Es ging um die Spitzabrechnung für die Unterbringungskosten. Mit Beginn der Flüchtlingskrise 2015 stieg die Zahl der Menschen, die Asyl begehrten und Schutz in Deutschland suchten, enorm an. Allein in Baden-Württemberg kamen 2015 nach Angaben des Innenministeriums rund 83 000 Asylsuchende aus den Erstaufnahmeeinrichtungen des Landes in die Stadt- und Landkreise, mehr als die Hälfte davon im vierten Quartal. 2016 waren es rund 49 500. Sie hatten alle Mühe, binnen kurzer Zeit für die Menschen ein Dach über dem Kopf zu finden.

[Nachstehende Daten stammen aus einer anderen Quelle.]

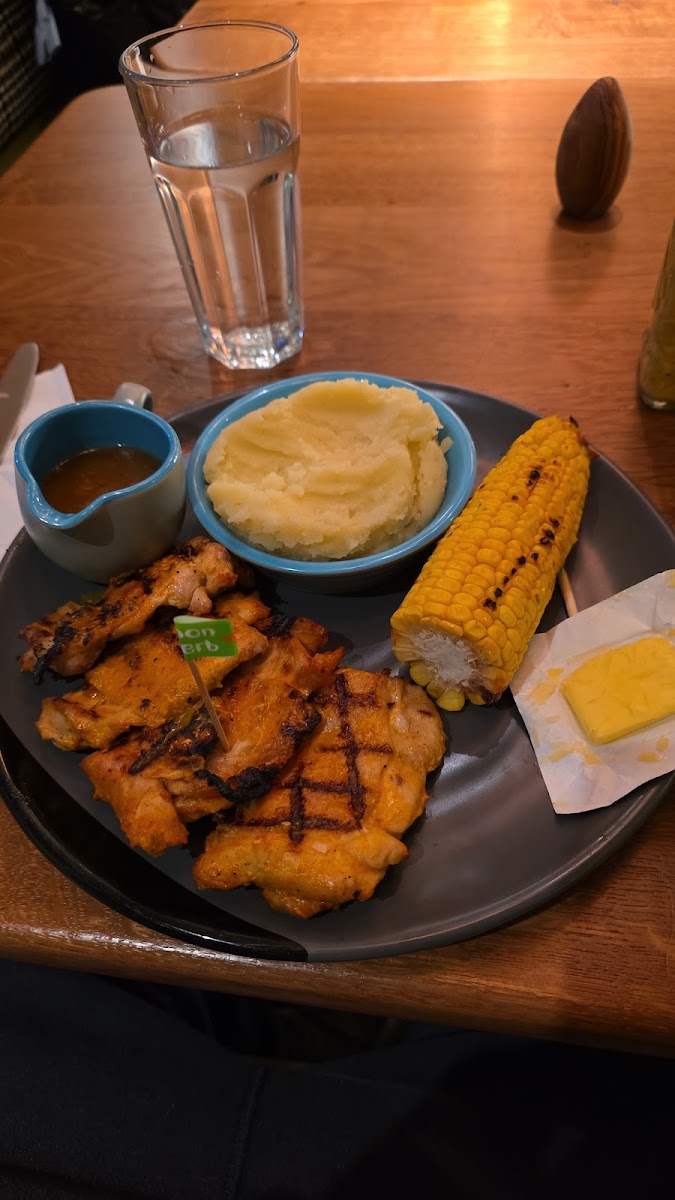 Nando's Edinburgh - The Gyle Photo 5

Pauschale erschien vielen Landkreisen zu niedrig
Für jede untergebrachte Person zahlte das Land anfangs eine einmalige Pauschale von knapp 14 000 Euro. Ein Betrag, den viele Stadt- und Landkreise als zu gering kritisierten. Denn oft mühsam aufgebaute Kapazitäten in Unterkünften standen 2016 teilweise schon wieder leer, konnten aber oft nicht von heute auf morgen wieder abgestoßen werden, wenn sie langfristig angemietet oder extra gebaut wurden. So blieben die Fixkosten fast so hoch wie 2015, aber das Land zahlte weiter nur pro Kopf.

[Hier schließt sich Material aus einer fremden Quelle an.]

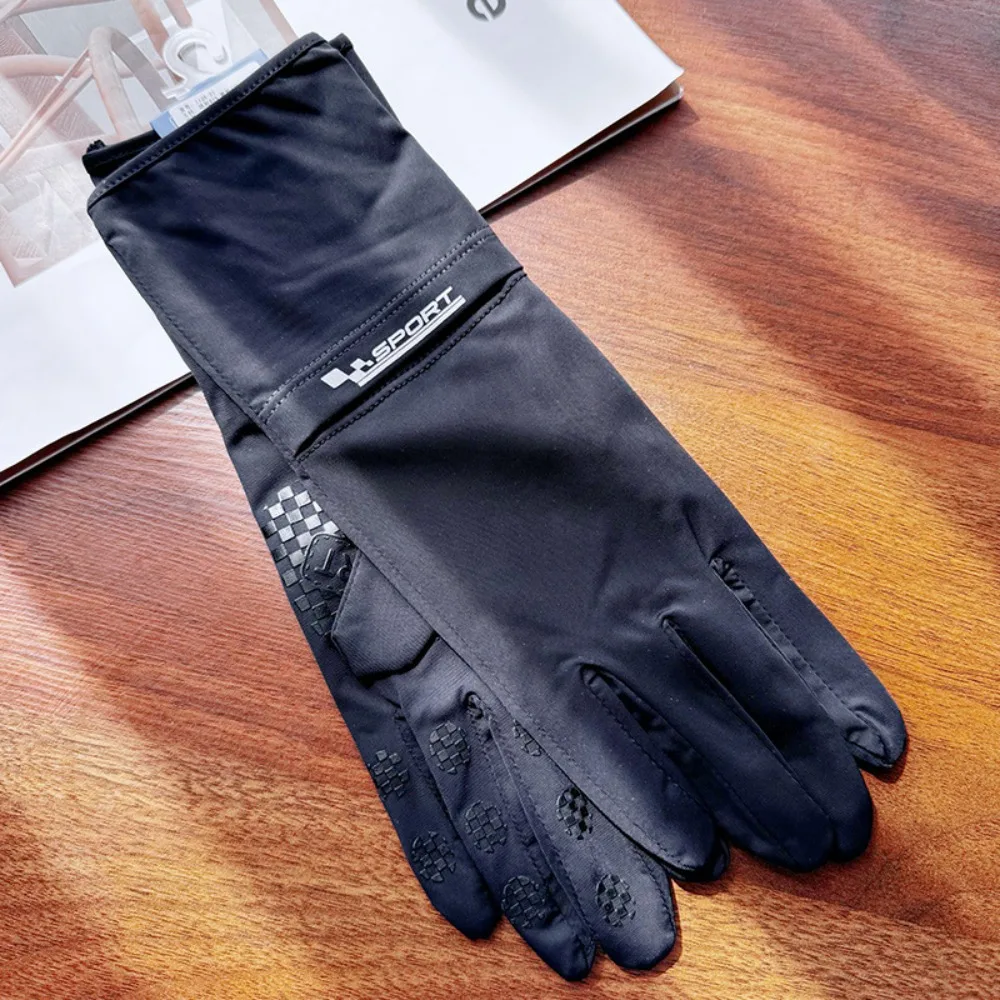 Guanti per protezione solare da donna in seta di ghiaccio Anti-UV antiscivolo Protezione solare Guanti da equitazione Touch Screen Guanti da guida estivi traspiranti Uomo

Auf Druck unter anderem des Landkreistags lenkte Innenminister Thomas Strobl (CDU) im Mai 2017 ein und versprach, dass das Land die tatsächlichen angefallenen Kosten für die vorläufige Unterbringung mit einer nachlaufenden Spitzabrechnung erstatten wird. Es habe sich erwiesen, dass die Pauschalabrechnung nicht gut funktioniere, weil dabei Unter- und Überkompensationen entstünden.
Grundlage für diese Spitzabrechnung sind nach Angaben des Ministeriums für Justiz und Migration alle Kosten, die den Stadt- und Landkreisen im Rahmen der vorläufigen Unterbringung entstanden sind. Dabei seien „selbstverständlich die haushaltsrechtlichen Regelungen und insbesondere der Grundsatz von Wirtschaftlichkeit und Sparsamkeit zu beachten“.
Genau an dieser Stelle kam es offenbar zum Dissens, der in den Rechtsstreit mündete. Aus der Sicht des Landes habe der Bodenseekreis für das Jahr 2016 insgesamt rund 950 000 Euro zu viel an Vorausleistungen für nicht erstattungsfähige Positionen erhalten, begründet das Ministerium auf Anfrage die Rückforderung. Konkret hatten Kreis- und Landesbehörde unterschiedliche Ansichten „zur Vorgehensweise bei der anteiligen Kürzung von sogenannten Kosten für Fehlbeleger“, schreibt das Ministerium.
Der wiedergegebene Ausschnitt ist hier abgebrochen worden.